**Data for analysis:**
= Beginning of Section =
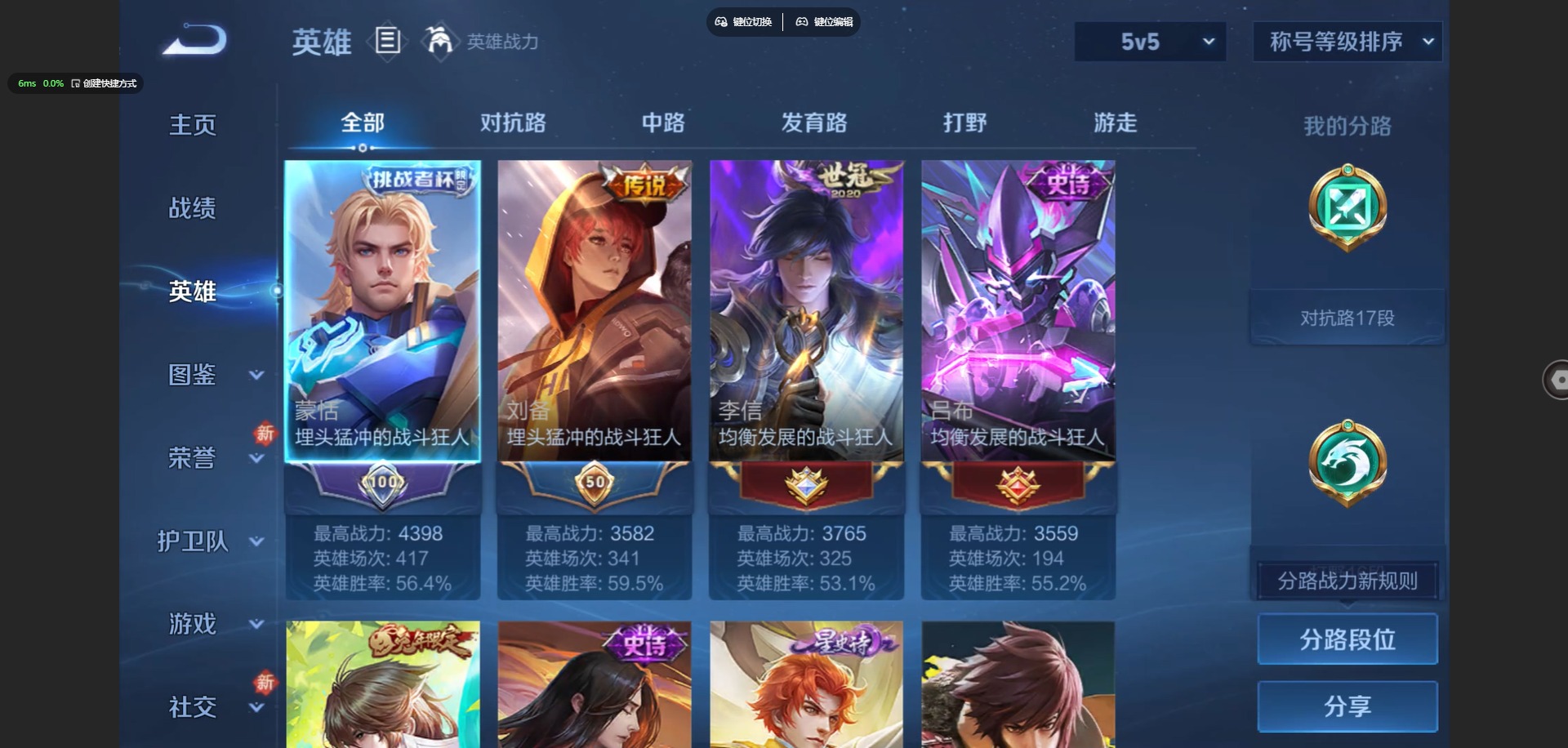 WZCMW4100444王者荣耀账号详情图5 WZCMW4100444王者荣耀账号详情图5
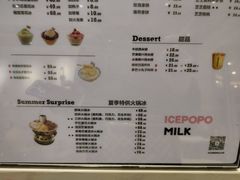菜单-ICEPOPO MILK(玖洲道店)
= End of Section =
= Beginning of Section =
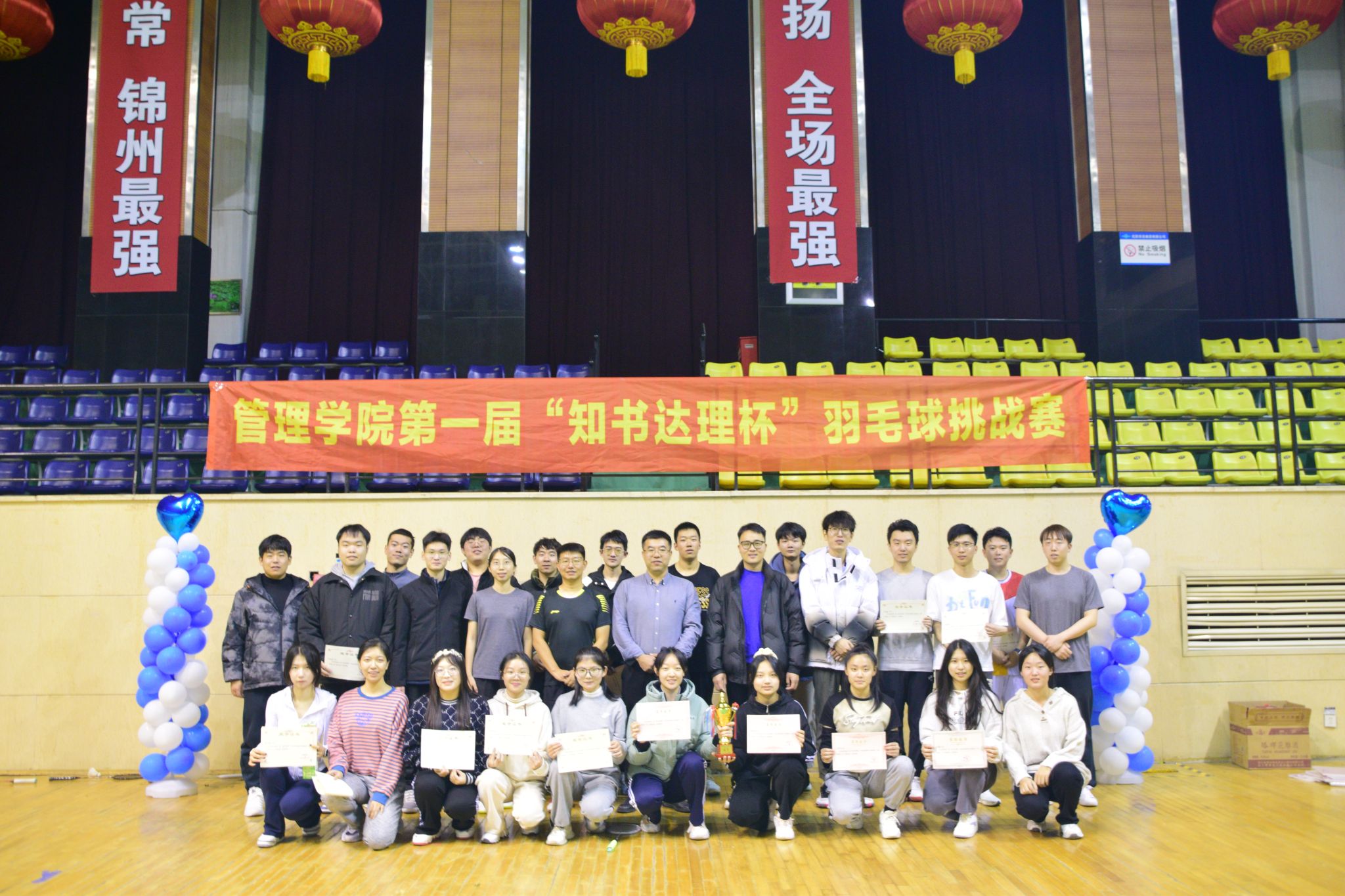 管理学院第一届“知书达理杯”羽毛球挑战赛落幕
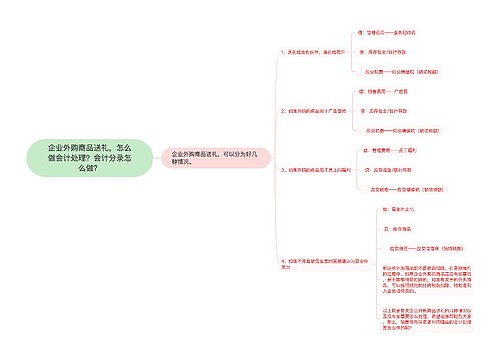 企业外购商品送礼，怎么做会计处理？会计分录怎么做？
= End of Section =
= Beginning of Section =
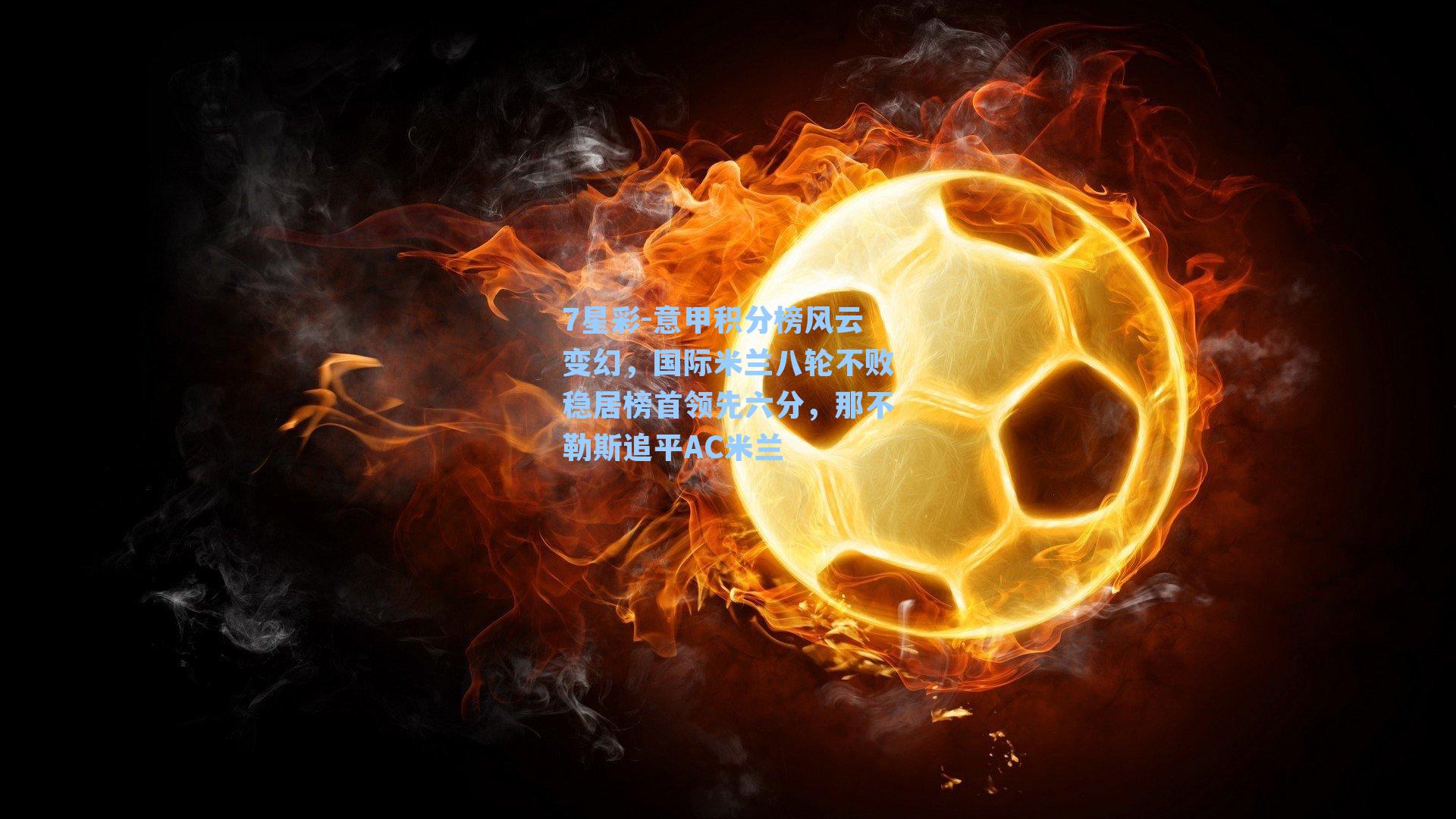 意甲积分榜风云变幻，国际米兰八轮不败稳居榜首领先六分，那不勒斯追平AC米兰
= End of Section =
**Goal of the exercise:**
Exactly the lines starting at the one above with "WZCMW4100444王者荣耀账号详情图5 WZCMW" and ending at the one with "菜单-ICEPOPO MILK(玖洲道店)" should be printed, and nothing else. Omit the pictures.

**Answer area:**
 WZCMW4100444王者荣耀账号详情图5 WZCMW4100444王者荣耀账号详情图5
菜单-ICEPOPO MILK(玖洲道店)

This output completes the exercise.